The aim of this document is to present an overview of replication using Microsoft SQL Server. With Microsoft SQL Server replication, it is possible to create an identical copy of primary database or synchronize changes between multiple databases and maintain data consistency and integrity.

The replication procedure is quite the same event if you are using 2008, 2012, 2014, 2016 or 2019 Versions and SQL Server Management Studio (SSMS). We are covering:

- Snapshot Replication

- Transactional Replication

- Merge Replication

- Peer-to-peer Replication

2. SQL Server Replication Terminology

Before driving configuration and setting up Microsoft SQL Server replication, let’s first introduce the main terms and replication models.

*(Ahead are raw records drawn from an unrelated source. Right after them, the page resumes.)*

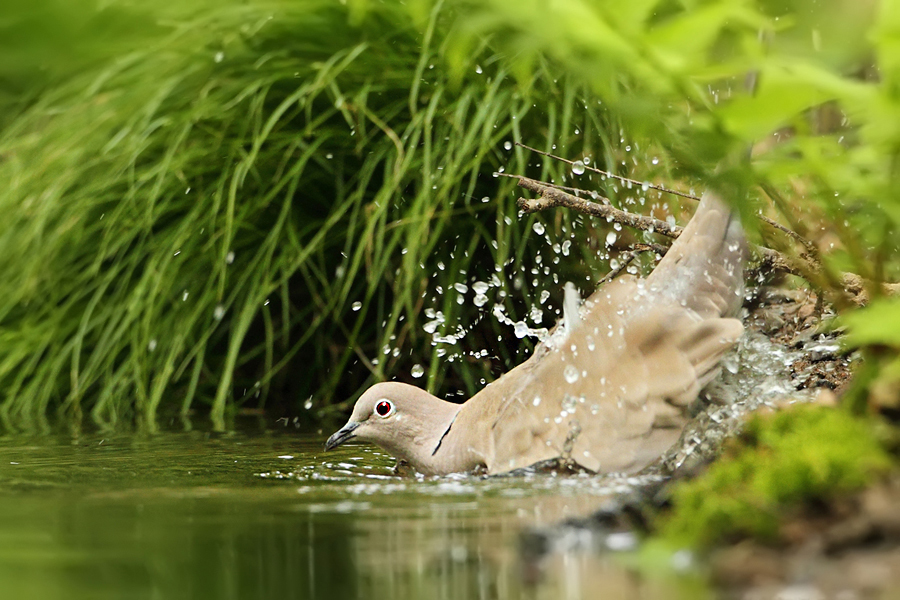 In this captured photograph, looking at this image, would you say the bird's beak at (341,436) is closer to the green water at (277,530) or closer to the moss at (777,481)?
the green water at (277,530)

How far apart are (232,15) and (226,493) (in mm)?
3612

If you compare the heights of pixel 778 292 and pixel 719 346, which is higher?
pixel 778 292

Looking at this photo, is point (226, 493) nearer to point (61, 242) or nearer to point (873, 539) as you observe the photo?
point (873, 539)

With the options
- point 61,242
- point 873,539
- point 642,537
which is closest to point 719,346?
point 642,537

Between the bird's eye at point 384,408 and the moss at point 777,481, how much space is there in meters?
2.11

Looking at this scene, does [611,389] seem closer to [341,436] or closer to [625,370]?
[625,370]

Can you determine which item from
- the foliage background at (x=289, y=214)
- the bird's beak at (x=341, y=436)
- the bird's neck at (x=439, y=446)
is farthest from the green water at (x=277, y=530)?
the foliage background at (x=289, y=214)

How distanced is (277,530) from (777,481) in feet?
4.02

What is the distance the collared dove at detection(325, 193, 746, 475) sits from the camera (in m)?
3.58

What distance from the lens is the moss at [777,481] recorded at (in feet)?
6.33

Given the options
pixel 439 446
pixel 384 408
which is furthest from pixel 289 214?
pixel 439 446

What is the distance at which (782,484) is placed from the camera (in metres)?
1.99

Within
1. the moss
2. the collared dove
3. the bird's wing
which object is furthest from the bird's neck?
the moss

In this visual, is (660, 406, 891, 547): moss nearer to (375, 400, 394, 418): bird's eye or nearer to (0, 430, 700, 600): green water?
(0, 430, 700, 600): green water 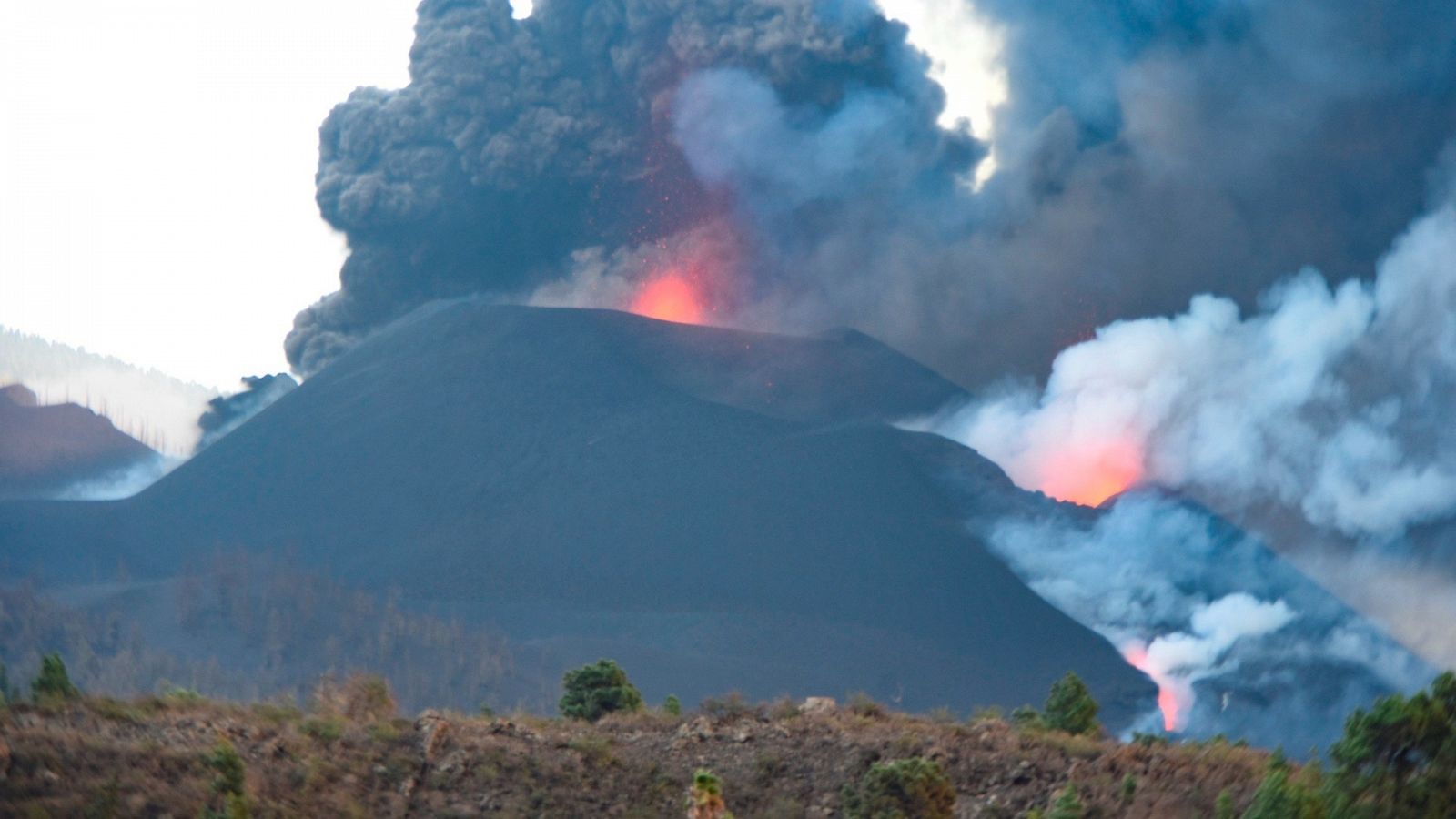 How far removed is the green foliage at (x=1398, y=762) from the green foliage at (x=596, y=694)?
17303mm

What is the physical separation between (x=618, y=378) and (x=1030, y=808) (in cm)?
17629

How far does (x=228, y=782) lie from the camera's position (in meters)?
21.6

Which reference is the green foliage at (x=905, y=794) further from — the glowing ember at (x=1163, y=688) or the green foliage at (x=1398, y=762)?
the glowing ember at (x=1163, y=688)

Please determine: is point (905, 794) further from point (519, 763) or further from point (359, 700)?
point (359, 700)

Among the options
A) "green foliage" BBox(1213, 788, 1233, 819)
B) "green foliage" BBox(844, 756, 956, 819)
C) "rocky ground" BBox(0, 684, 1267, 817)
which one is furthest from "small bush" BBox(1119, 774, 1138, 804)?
"green foliage" BBox(844, 756, 956, 819)

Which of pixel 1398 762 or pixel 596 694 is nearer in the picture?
pixel 1398 762

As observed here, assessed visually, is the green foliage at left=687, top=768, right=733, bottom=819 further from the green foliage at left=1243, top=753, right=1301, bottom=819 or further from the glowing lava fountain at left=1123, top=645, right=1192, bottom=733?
the glowing lava fountain at left=1123, top=645, right=1192, bottom=733

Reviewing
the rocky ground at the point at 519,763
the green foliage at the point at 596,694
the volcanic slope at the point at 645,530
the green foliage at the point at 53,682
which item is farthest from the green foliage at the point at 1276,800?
the volcanic slope at the point at 645,530

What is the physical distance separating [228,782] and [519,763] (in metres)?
5.46

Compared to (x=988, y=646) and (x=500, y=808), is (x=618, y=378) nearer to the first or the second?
(x=988, y=646)

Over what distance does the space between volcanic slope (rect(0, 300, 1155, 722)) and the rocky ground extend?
101 m

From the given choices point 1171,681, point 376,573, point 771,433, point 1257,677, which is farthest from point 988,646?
point 376,573

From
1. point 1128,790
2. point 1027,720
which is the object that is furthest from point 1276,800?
point 1027,720

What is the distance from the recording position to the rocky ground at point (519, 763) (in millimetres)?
21516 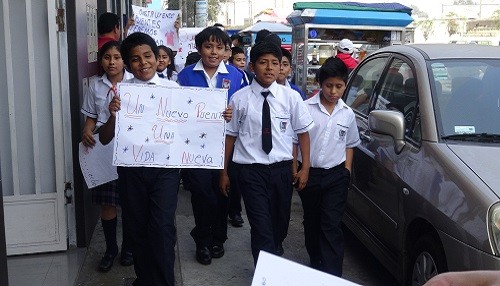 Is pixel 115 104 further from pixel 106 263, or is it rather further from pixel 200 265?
pixel 200 265

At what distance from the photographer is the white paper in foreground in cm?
161

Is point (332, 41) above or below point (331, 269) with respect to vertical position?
above

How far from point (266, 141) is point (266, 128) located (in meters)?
0.09

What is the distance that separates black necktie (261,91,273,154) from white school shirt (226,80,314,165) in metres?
0.02

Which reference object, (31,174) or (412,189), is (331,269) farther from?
(31,174)

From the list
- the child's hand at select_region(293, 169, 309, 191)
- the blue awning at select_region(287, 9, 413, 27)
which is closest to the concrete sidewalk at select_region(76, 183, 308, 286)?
the child's hand at select_region(293, 169, 309, 191)

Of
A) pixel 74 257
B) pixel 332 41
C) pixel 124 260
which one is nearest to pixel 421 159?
pixel 124 260

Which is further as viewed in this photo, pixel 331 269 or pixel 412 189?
pixel 331 269

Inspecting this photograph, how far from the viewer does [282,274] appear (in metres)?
1.62

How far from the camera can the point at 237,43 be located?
10.4 meters

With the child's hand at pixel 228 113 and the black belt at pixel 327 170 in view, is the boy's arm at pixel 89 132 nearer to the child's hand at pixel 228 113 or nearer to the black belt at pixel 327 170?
the child's hand at pixel 228 113

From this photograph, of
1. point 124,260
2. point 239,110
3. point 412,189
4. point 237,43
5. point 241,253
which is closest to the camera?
point 412,189

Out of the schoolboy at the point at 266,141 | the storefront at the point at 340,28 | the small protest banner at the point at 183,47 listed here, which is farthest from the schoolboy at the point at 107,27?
the storefront at the point at 340,28

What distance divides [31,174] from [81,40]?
1.14 metres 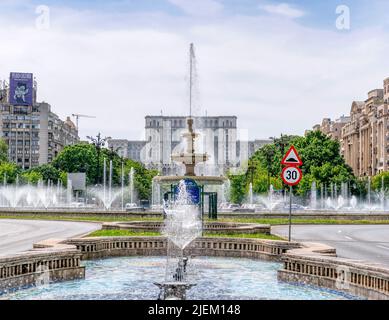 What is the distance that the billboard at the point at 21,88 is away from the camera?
135 m

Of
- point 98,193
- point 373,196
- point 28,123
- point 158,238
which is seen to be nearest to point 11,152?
point 28,123

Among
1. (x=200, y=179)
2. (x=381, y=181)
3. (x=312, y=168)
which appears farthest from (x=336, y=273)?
(x=381, y=181)

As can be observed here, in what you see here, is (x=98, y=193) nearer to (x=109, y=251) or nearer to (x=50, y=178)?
(x=50, y=178)

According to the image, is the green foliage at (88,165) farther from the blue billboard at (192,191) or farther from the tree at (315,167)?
the blue billboard at (192,191)

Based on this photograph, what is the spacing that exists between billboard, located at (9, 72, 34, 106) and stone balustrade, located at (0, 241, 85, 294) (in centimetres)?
12708

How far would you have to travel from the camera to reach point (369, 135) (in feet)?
417

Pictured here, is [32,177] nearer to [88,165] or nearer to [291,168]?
[88,165]

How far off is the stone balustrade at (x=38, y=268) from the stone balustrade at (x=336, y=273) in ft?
15.0

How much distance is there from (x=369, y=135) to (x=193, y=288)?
395ft

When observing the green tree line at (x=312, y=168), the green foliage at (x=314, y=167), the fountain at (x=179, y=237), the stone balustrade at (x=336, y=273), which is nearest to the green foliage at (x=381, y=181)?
the green tree line at (x=312, y=168)

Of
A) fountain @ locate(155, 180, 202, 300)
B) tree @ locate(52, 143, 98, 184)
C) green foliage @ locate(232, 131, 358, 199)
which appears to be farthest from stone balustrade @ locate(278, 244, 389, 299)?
tree @ locate(52, 143, 98, 184)

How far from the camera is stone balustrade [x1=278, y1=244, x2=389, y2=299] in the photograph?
424 inches

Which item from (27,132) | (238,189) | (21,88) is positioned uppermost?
(21,88)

- Articles are the basic units to be replicated, such as tables, procedures, functions or views. Multiple articles can be created for the same object and article cam be scaled vertically or horizontally.

- A publication is a logical collection of articles. This is the final set of entities from the database that are designated for replication.

- A filter is a set of conditions for an article. With SQL Server replication, you can use filters and select custom entities for replication. For instance, by filters, you can select only the most critical tables and fields and replicate only this data.

- A distributor is and Database instance configured for collecting transactions from publications and distribute them to subscribers.

- A publisher is the main database copy on which publication is configured, making data available to other servers that are configured to be used in the replication process.

- A subscriber is a database that receives the replicated data from a publication. One subscriber can receive data from one or more publishers and publication.

Note: A distributor acts as a database for storing replicated transactions. A distributor database can be considered as the publisher and the distributor at once. In the local model, a single instance runs both publisher and distributor. In the remote model, a remote distributor can be used when you want subscribers to get different publications.

- Agents are components that can act as background services and used to schedule automated execution jobs, such as Database backup or Database replication. There are five types of agents in Microsoft SQL Server:

o Snapshot Agent: It’s an executable file that prepares snapshot files containing schema and data of published tables and database objects.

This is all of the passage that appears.